CORTE di CASSAZIONE sentenza n. 10095 del 17 maggio 2016
LAVORO – RAPPORTO DI LAVORO – OMESSA CONTRIBUZIONE – CARTELLA ESATTORIALE – PRESCRIZIONE QUINQUENNALE – INTERRUZIONE
Fatto e diritto
La causa è stata chiamata all’adunanza in camera di consiglio del 19.4 2016, ai sensi dell’art. 375 c.p.c., sulla base della seguente relazione, redatta a norma dell’art. 380 bis c.p.c.:
“La Corte di appello di Napoli, con la sentenza impugnata, accoglieva parzialmente il gravame proposto da D.L. I. avverso la decisione di primo grado che aveva rigettato il ricorso in opposizione avverso le cartelle esattoriali relative a contributi inerenti la gestione commercianti dovuti dal predetto per gli anni dal 2000 al 2005 e relative sanzioni.

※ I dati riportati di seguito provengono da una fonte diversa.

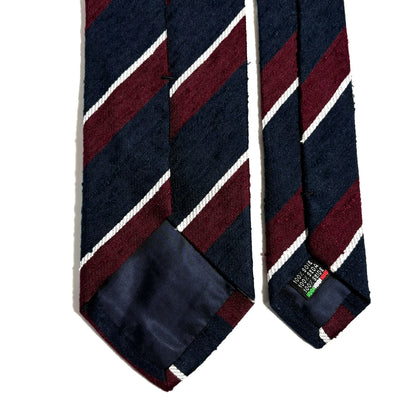 Navy Blue & Burgundy Striped Silk Shantung Tie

La Corte territoriale riteneva prescritti i contributi inerenti il I trimestre per l’anno 2000 ed i contributi inerenti il II, III e IV trimestre per gli anni 2000, 2001 e 2002, reputando infondati gli altri motivi di gravame, rilevando la validità quale atto interruttivo del termine di prescrizione quinquennale della raccomandata 25.5.2006 – richiamata in memoria difensiva e tempestivamente prodotta all’atto della costituzione dell’INPS in primo grado – il cui avviso di ricevimento era stato prodotto solo successivamente, ma, comunque, nel corso del primo grado di giudizio all’udienza del 10.11.2008, diversa valutazione dovendo operarsi per il verbale ispettivo, neppure richiamato in memoria difensiva dall’istituto all’atto della propria costituzione in primo grado. Nello specifico affermava, con riguardo alla produzione documentale, in conformità a principi della giurisprudenza di legittimità richiamati, che l’eccezione di interruzione della prescrizione poteva essere rilevata anche d’ufficio sulla base di allegazioni e prove, incluse quelle documentali, ritualmente acquisite al processo nonché di fatti anch’essi ritualmente acquisiti al contraddittorio, non potendo prodursi in appello il documento attestante l’avvenuta interruzione ove una qualche prova in merito non fosse stata acquisita o il fatto interruttivo non fosse stato allegato in primo grado.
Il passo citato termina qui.